Saturday, February 17, 2007

Blog Droppers & Gator Spam: RSS as a Vector

RSS (Really Simple Syndication) cross-scripting hacks have been around a while - but until quite recently, RSS feed readers were not on enough desktops, and "gators" (RSS feed-aggregating web sites) were not well-visited enough to make either destination an appealing target for criminals. That is changing fast.

How fast? At the last Black Hat conference last October, Bob Auger of SPI Dynamics presented on how RSS feed hacking could potentially become more ubiquitous than spam - and potentially more harmful, because RSS feeds made up of blogs and "spiced comments" (i.e. comments laced with malicious script) can quite easily be used to deliver malware and other problems right to the desktop, especially when blogs or gators are created and managed by non-sophisticated admins.

Think for a moment about how many blogs enable unmoderated comments to be posted by their readers. Think about how many RSS readers are being downloaded every day, in the form of desktop widgets, or browser tool bars. Think about how many web sites there are out there that aggregate and publish every RSS feed they come across. The answer is: millions. How many of these sites and desktop technologies are wired to filter out scripts from these comments using human intervention or anti-malware engines before they reach the reader base?

Like many bloggers, when I see something I want to quote in someone else's blog, or in their RSS feed, or their comments, I copy and paste it, and write around it. Regardless if there are links or tags or images involved, or just text, I always make it a habit to take a peek into the html source before sending it on. But how many other bloggers check these web objects and links before they publish?

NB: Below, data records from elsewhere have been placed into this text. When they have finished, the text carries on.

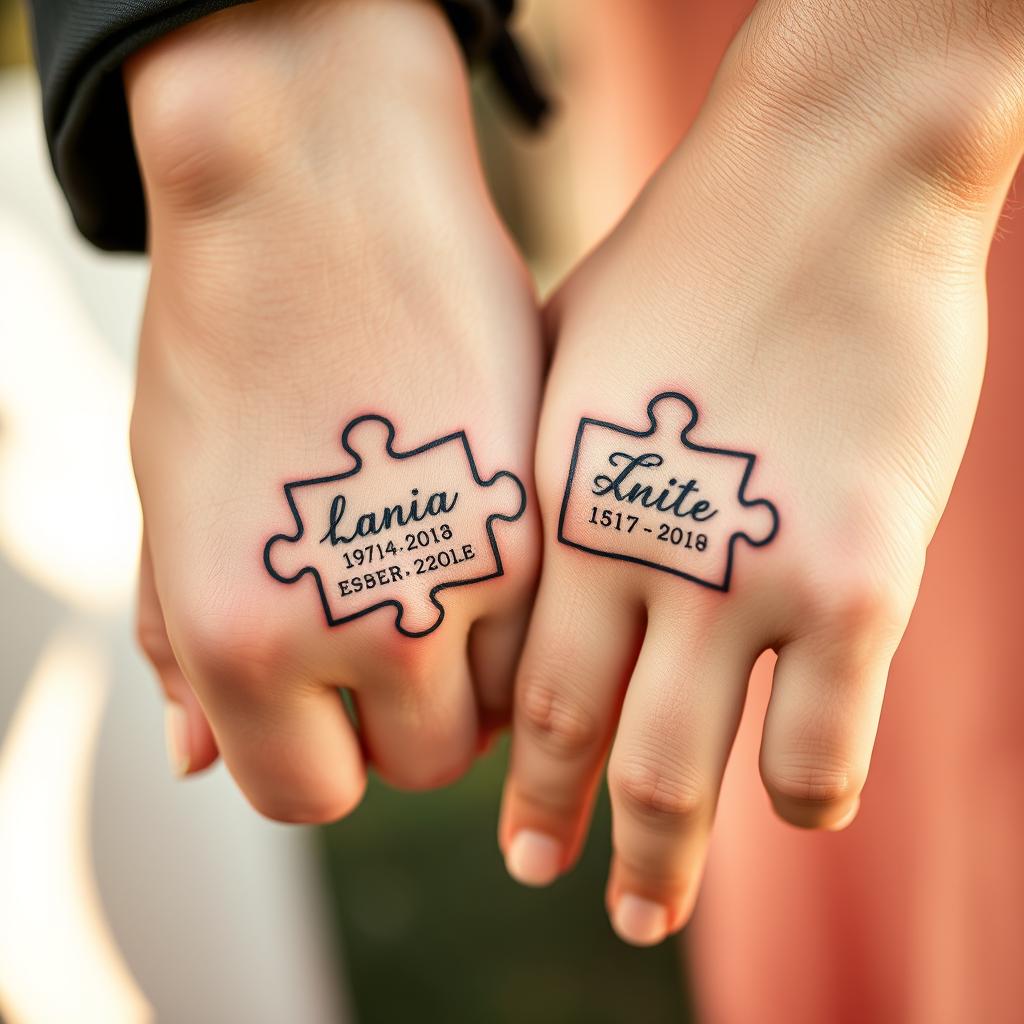 Couple Puzzle Piece Tattoo Design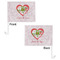 Valentine Owls Car Flag - 11" x 8" - Front & Back View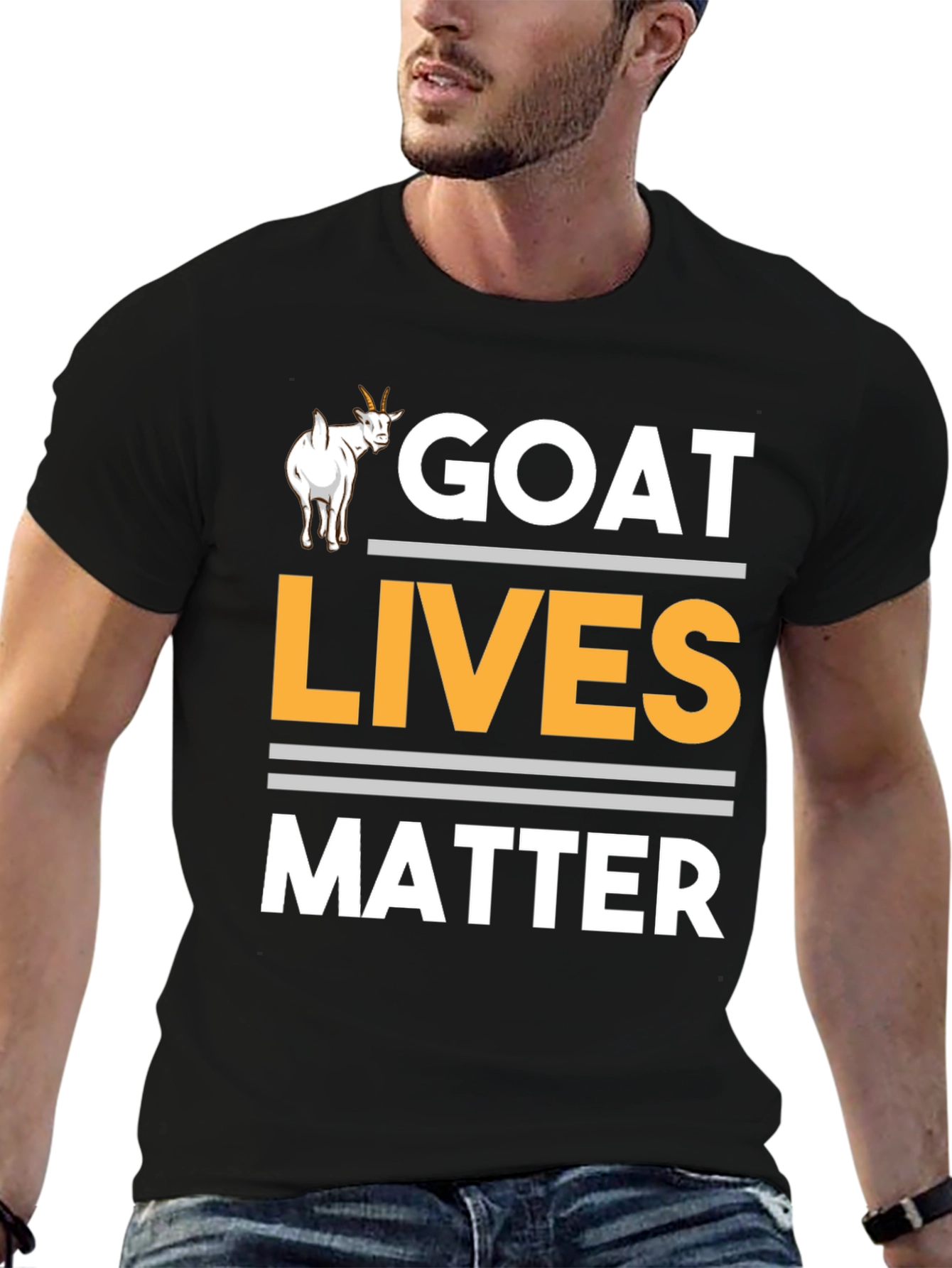 Black Goat Lives Matter T-Shirt - Funny Graphic Tee view 6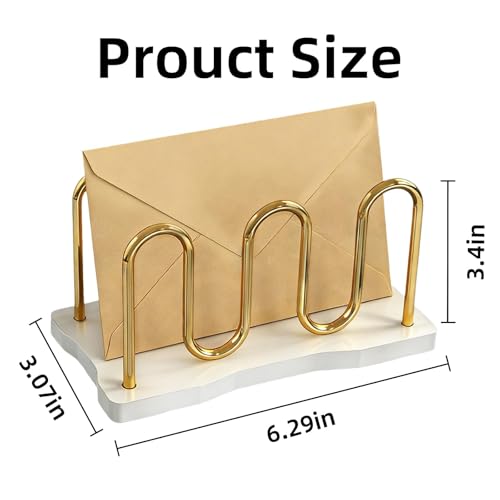 Mail Holder Organizer Countertop, Metal Mail Sorter for Desk, Cutout Mail Storage Bills Organizer Letter Tray Design with Bamboo Base for Home Office (White) - color: White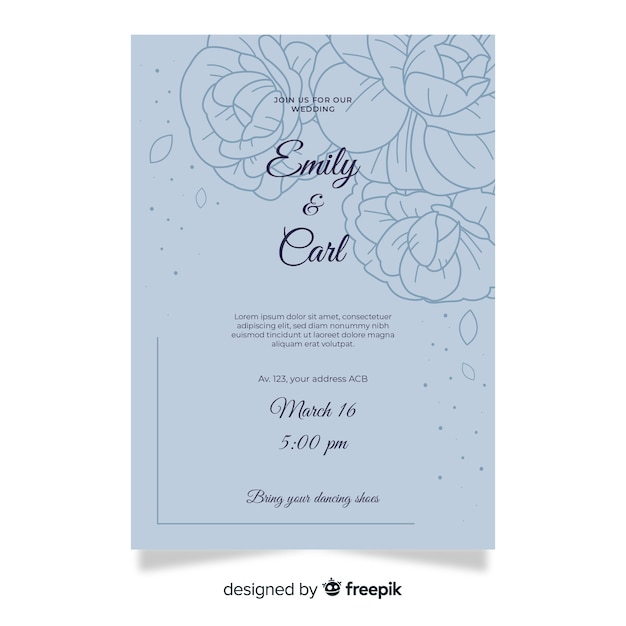 Free vector elegant floral wedding invitation template
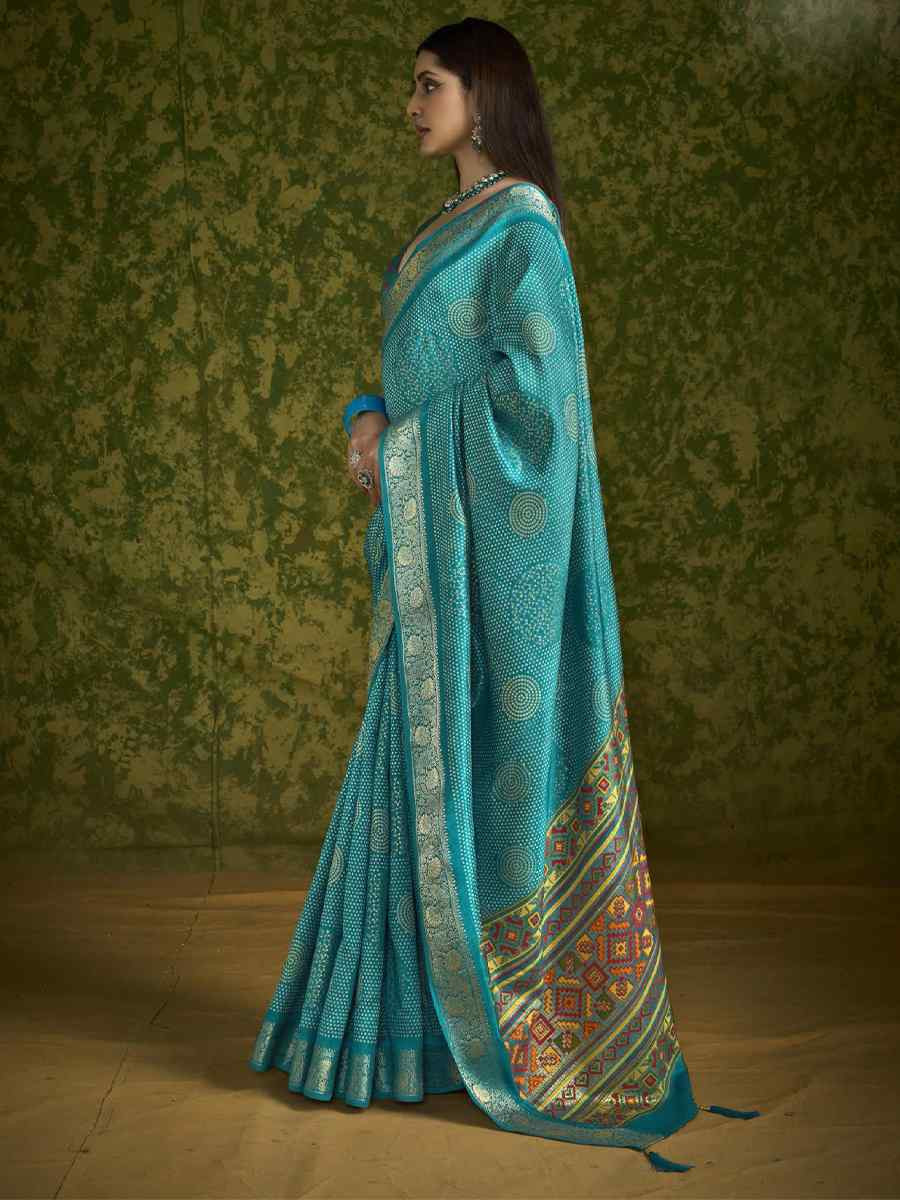 Sky Blue Silk Handwoven Festival Wedding Fancy Heavy Border Saree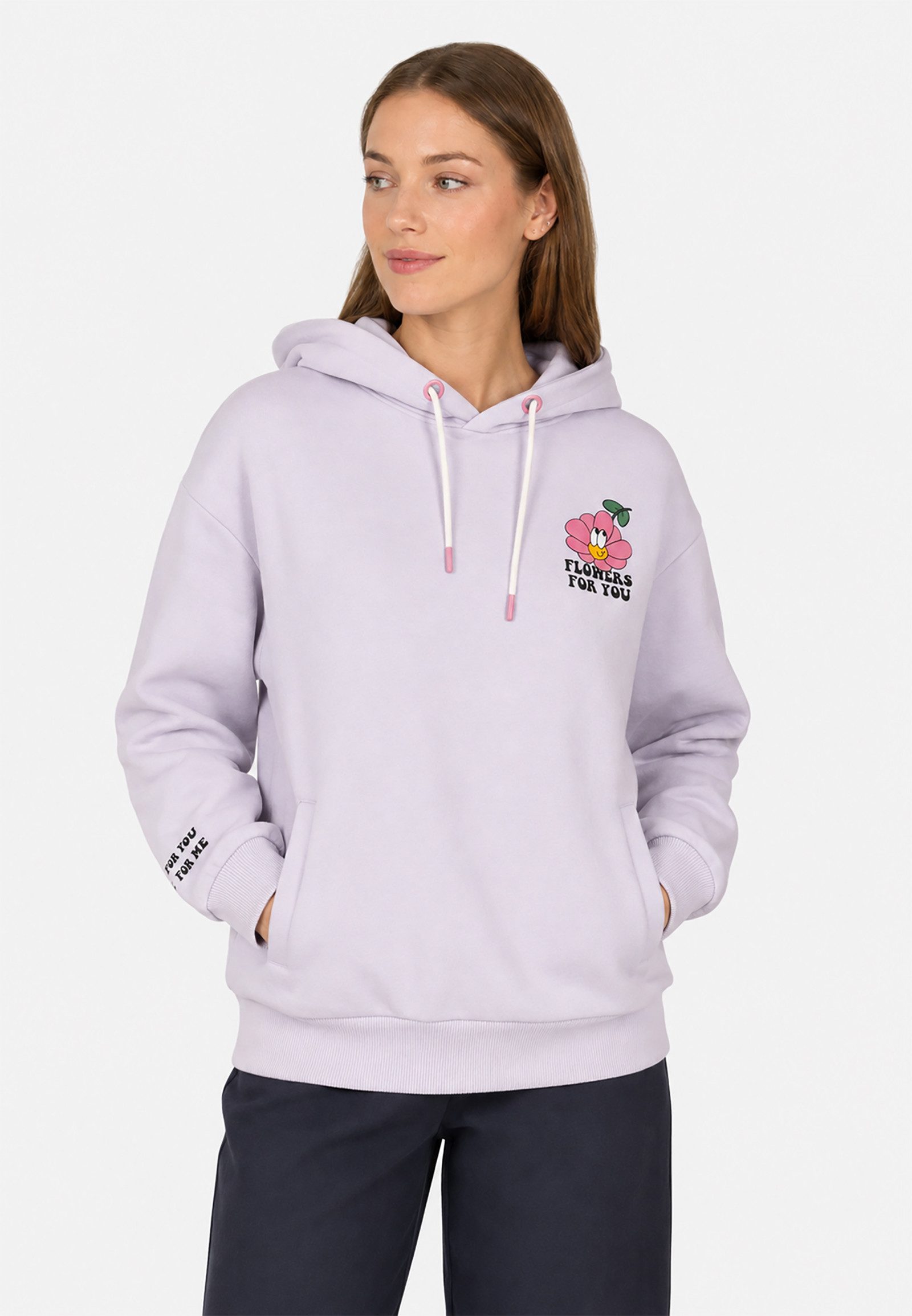 SUBLEVEL Hoodie Kängurutasche und bequeme Rippbündchen für Damen (1-tlg) Baumwolle Normal Fit Kapuze Langarm Einfarbig atmungsaktiv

Inserting malicious code into the blogosphere is *way* easy if you're a hacker. Here's one way we're seeing it done - let's say I have Comments enabled on my blog site, and my RSS feed is set up to deliver those comments to you via a popular feed mechanism and a reader widget.

Now, let's assume that someone wants to use this feed to deliver a piece of malicious piece of script designed to download a keylogger or some other piece of malware onto my reader's PCs. All the person inserting the comments needs to do is to write a comment, drop some script in it behind an innoculous-looking URL, and voila - out goes the malicious script with my feed to every desktop reader and gator signed up for it.

Now, if your anti-malware engine is up to date, and your browser settings are well-tuned, you might catch it before it does any harm - assuming you choose the right button on the alert. But most likely, this is going to be a brand-new threat, not a repurposed piece of malware. In which case you'd better hope your zero day malware filtering technology is working, otherwise, you're going to end up hosed - probably by a dropper or a keylogger if you're a desktop user, or, if you're a gator, by a half-ton of pharmaspam.

Although some developers appear to be making strides in this direction (Bloglines is one of them), most RSS feeders and readers were not built with security foremost in mind - they were built to achieve ubiquity with one eye on style and efficiency. Many desktop readers are little more than extremely simple XML parsers wrapped in widget (or phidget) clothing, and many aggregation sites are worse - they use literally hundreds of technologies, many home-cooked.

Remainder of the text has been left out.